14

The following (C99 and newer) code wants to compute a square, restricted to the same number of bits as the original fixed-width type.

    #include <stdint.h>
     uint8_t  sqr8( uint8_t x) { return x*x; }
    uint16_t sqr16(uint16_t x) { return x*x; }
    uint32_t sqr32(uint32_t x) { return x*x; }
    uint64_t sqr64(uint64_t x) { return x*x; }

Problem is: depending on int size, some of the multiplications can be performed on arguments promoted to (signed) int, with result overflowing a (signed) int, thus undefined result as far as the standard is concerned; and conceivably wrong result, especially on (increasingly rare) machines not using two's complement.

If int is 32-bit (resp. 16-bit, 64-bit, 80 or 128-bit), that occurs for sqr16 (resp. sqr8, sqr32, sqr64) when x is 0xFFFFF (resp. 0xFF, 0xFFFFFFFF, 0xFFFFFFFFFFFFFFFF). Neither of the 4 functions is formally portable under C99 !!

Does C11 or later, or some edition of C++, fix that unfortunate situation?

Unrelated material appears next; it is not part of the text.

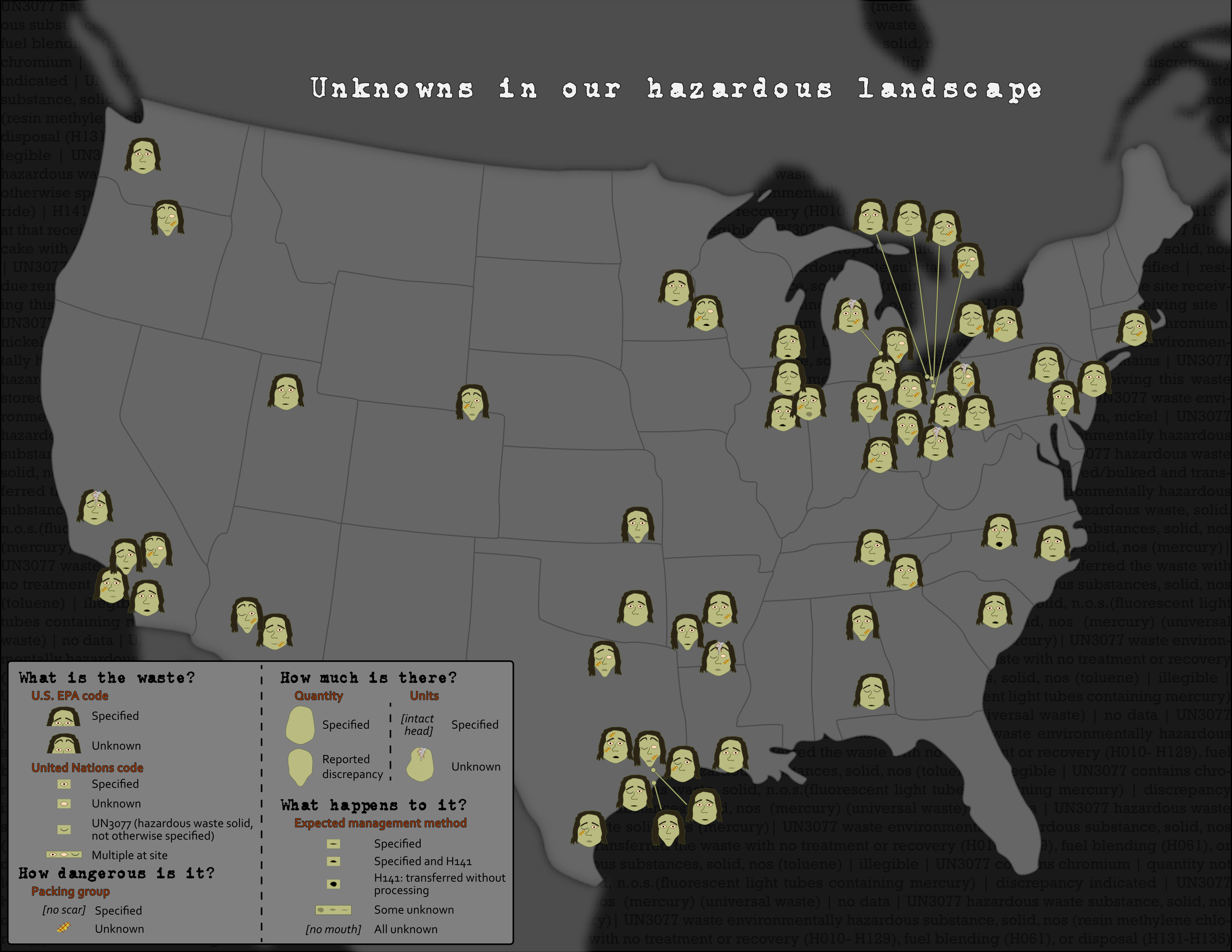 US map of "Unknowns in our hazardous landscape," see surrounding text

A simple, working solution is:

    #include <stdint.h>
     uint8_t  sqr8( uint8_t x) { return 1u*x*x; }
    uint16_t sqr16(uint16_t x) { return 1u*x*x; }
    uint32_t sqr32(uint32_t x) { return 1u*x*x; }
    uint64_t sqr64(uint64_t x) { return 1u*x*x; }

This is standards-conformant because 1u is not promoted to int and remains unsigned; thus the left multiplication, then the right one, are performed as unsigned, thus are well-defined to yield correct result in the necessary number of low-order bits; same for the final implicit cast to the result width.

Updated: As suggest in comment by Marc Glisse, I tried this variant with eight compilers (three versions of GCC for x86 starting with 3.1, MS C/C++ 19.00, Keil ARM compiler 5, two Cosmic compilers for ST7 variants, Microchip MCC18). They all generated the very same code as the original (with the optimizations I use in release mode for actual projects). However, compilers could conceivably generate worse code than the original; and I have several others of my embedded compilers to try, including some 68K and PowerPC ones.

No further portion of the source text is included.